#### [Your assignment]
Your answer must be the lines of the entries below, exactly as written, from the first line through the line containing "S61_0095 2026".

#### [Data for review]
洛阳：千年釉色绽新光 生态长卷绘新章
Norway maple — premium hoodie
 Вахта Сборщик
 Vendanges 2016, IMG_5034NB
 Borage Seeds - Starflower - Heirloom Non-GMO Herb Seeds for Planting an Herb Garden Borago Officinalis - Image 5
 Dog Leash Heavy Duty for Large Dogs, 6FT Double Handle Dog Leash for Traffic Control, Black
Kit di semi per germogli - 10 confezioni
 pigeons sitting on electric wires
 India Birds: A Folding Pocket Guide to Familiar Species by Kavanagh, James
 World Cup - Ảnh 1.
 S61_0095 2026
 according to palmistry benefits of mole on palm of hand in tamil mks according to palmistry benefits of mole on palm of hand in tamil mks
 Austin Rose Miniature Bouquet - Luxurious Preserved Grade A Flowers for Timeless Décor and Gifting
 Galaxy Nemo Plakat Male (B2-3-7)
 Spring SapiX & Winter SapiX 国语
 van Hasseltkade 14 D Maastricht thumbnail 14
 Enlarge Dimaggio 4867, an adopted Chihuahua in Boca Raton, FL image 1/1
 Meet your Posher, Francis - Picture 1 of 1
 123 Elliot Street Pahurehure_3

#### [Solved exercise]
洛阳：千年釉色绽新光 生态长卷绘新章
Norway maple — premium hoodie
 Вахта Сборщик
 Vendanges 2016, IMG_5034NB
 Borage Seeds - Starflower - Heirloom Non-GMO Herb Seeds for Planting an Herb Garden Borago Officinalis - Image 5
 Dog Leash Heavy Duty for Large Dogs, 6FT Double Handle Dog Leash for Traffic Control, Black
Kit di semi per germogli - 10 confezioni
 pigeons sitting on electric wires
 India Birds: A Folding Pocket Guide to Familiar Species by Kavanagh, James
 World Cup - Ảnh 1.
 S61_0095 2026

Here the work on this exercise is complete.